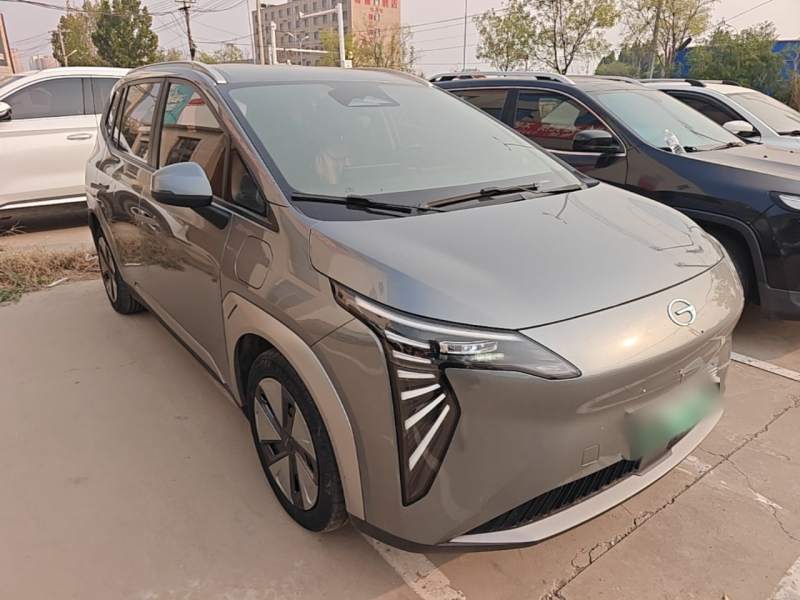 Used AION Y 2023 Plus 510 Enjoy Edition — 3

#####

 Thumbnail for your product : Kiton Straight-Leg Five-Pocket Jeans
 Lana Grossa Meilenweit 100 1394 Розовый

#####

Out of the listing above, reproduce exactly the lines from the one with "Thumbnail for your" up to and including the one with "Lana Grossa Meilenweit 100 1394 Розовый".

 Thumbnail for your product : Kiton Straight-Leg Five-Pocket Jeans
 Lana Grossa Meilenweit 100 1394 Розовый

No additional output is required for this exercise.